“Gail and Rotaya give me accountability… someone to answer to,” he says gratefully. “They keep me on the ‘up and up.’
What fulfills Mark today is a far cry from the drugs and alcohol high for which he lived since he was 15. At age 52, he’d finally had enough of drinking and drugging and made a gut-level decision to change. The sober, clean and grateful man now living in a Maxwell Garden apartment, meeting with his case manager, attending 12-Step meetings, enjoying video games and DVDs, and caring for three cats is the result of a hard-won metamorphosis.
Mark hails from Philadelphia. His parents divorced when he was only two, with his mother remarrying four years later. As his dad had never been there for him and died of alcoholism when Mark was eight, his stepdad became his father-figure. This stepfather-son relationship was not destined to last, however, as there was another divorce when he was 15. “In a way, I lost two fathers,” Mark laments.
What impacted Mark’s youth the most, though, was the death of his grandmother when he was 13. Living in a small apartment nearby, she was always there for him while his mom worked to help support both households. He smiles with love and pride as he explains, “Most of the time, I was with my mom and nanny. Nanny helped raise me. My mother was a hustler and supported the three of us. She always supplied a roof and I knew I was loved…[but] when my nanny died, it devastated me. I lost my innocence as a kid.”
Mark started to work in restaurants when he was 15 and still in high school, the same year his parents got divorced. With the control his stepdad imposed over him gone, and having no restrictions from his mom and money in his pocket, Mark found drugs and alcohol. “Pot, drinking and working” is his description of high school. When he graduated, it was a “big deal” and the “freedom of no more school” brought on more drugs, alcohol and working in restaurants. “I always wanted to party,” he remembers.

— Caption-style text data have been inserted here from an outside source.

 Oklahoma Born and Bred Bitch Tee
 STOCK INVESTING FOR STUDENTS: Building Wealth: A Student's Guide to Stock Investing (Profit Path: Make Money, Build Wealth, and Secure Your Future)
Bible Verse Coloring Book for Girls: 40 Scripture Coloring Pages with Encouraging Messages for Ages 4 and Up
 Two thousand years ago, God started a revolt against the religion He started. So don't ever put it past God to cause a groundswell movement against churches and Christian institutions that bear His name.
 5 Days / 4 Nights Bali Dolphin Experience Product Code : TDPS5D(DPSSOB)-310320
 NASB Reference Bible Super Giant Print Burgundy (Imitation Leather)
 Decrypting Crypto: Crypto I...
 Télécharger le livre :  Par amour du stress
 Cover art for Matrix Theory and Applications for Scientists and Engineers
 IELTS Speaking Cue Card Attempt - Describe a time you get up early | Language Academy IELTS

And party he did from the age of 19 onward, living mostly with his mother until he was 40 and at times with his cousin. Moving with his cousin to Orlando in 2000, he somewhat “broke the strings,” until his mom moved down in 2004. He resumed his pattern of living between the two, still working in restaurants until his mom died in 2006. He quit his job, moved in with his cousin and squandered the money his mom had left him, mostly on crack cocaine. “Within a year, I was broke,” he admits.

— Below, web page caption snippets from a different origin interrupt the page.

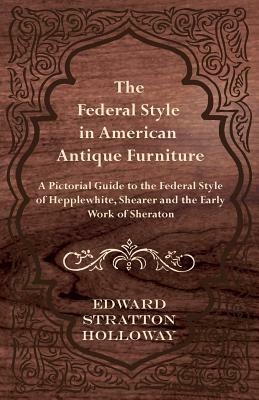 The Federal Style in American Antique Furniture - A Pictorial Guide to the Federal Style of Hepplewhite, Shearer and the Early Work of Sheraton by Edward Stratton Holloway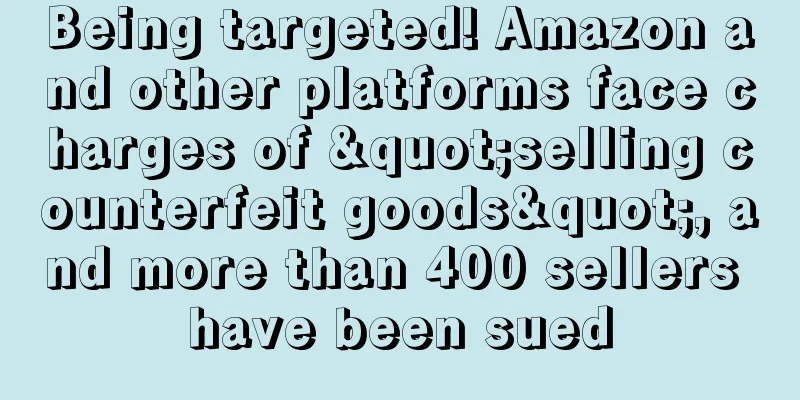 Being targeted! Amazon and other platforms face charges of "selling counterfeit goods", and more than 400 sellers have been sued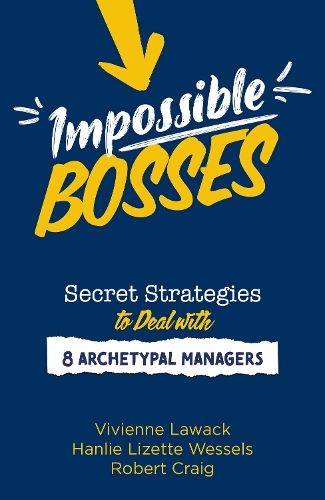 Бумажная книга «Impossible Bosses: Secret Strategies to Deal with 8 Archetypal Managers», авторов Ханли Весселс, Роберт Крейг - фото №1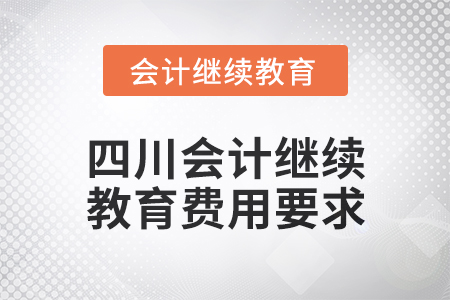 2024年四川會(huì)計(jì)繼續(xù)教育費(fèi)用要求 2024年四川會(huì)計(jì)繼續(xù)教育費(fèi)用要求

Over the years, Mark’s partying had consequences, such as three arrests, two six-month stints in jail for violation of probation, stays in drug rehabilitation facilities and numerous broken relationships. “I couldn’t tell you how many times I was in rehab, how many relationships I had…”

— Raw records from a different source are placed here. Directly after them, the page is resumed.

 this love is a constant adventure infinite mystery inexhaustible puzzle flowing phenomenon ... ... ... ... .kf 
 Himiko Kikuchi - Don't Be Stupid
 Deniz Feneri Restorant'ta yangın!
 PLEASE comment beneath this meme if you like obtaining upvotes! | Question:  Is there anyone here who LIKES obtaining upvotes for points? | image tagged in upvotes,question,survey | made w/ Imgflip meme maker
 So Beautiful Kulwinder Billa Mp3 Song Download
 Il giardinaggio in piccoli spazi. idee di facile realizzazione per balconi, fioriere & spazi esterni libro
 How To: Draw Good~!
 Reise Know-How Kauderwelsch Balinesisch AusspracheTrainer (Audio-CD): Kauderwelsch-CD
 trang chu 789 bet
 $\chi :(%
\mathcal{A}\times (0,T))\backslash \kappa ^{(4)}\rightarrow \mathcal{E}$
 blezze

When his cousin died in 2009, Mark realized he finally had to fend for himself. “There was no one left to save me.” He went to the streets, followed by a series of stays in Central Florida’s homeless shelters, halfway houses, and drug/alcohol rehabilitation programs. These programs may have kept him off the streets, but unfortunately not clean and sober. Even suffering from diabetes and depression, he just wasn’t ready for what they offered.
In 2016, the Health Care Center for the Homeless Hope Team referred him to Pathlight HOME’s Maxwell Garden Safe Haven Program. When he moved in, “I stayed clean for a week or so. Then, in 2017, I went to the Center for Drug Free Living…and stayed clean for six months when I came back.” Thankfully, he had a place to return, as well as his Case Manager, Rotaya, to provide stability and help him obtain his disability benefits. “Miss Rotaya really hung in there.”
In August 2018, Mark transferred into Maxwell Garden’s Homes for New Beginnings Program (HNB). Still “slipping” on drugs, he decided to check into a rehabilitation facility in Sanford. “I needed time away to think. I realized no one was around to help me. I had to help myself. I graduated [the program] and came back here.” Again, Pathlight HOME was in his corner, with his apartment and HNB Case Manager, Gail, waiting to help.
Since then, Mark has been living a new life. “My mindset was different. I have a sponsor…a couple of sponsees. I do the next right thing and it pays off,” he says. “I go to meetings…every night. I’ve re-committed to 90 meetings in 90 days. This is the longest time I’ve been clean and sober since I was 15.”
“Gail and Rotaya give me accountability… someone to answer to,” he says gratefully. “They keep me on the ‘up and up.’ When I need them, they are always there to help, like my sponsor.”
Mark looks at his transformation as a big puzzle, where all the pieces must be in place: 12-Step meetings and a sponsor, Disney visits, video games, and movies, being home and off the streets, and his case manager. “I’m not losing any of the pieces of that puzzle. You’ve got to want to ‘stay stopped,’ and today I want it. As long as I keep doing the right thing, I get the right result. And it makes me feel good.”
Living “one day at a time,” Mark is proud to pay rent and have an apartment, crediting God and his program. “I’m not doing the stupid things today,” he concludes. “I have everything I need and a couple of the wants!”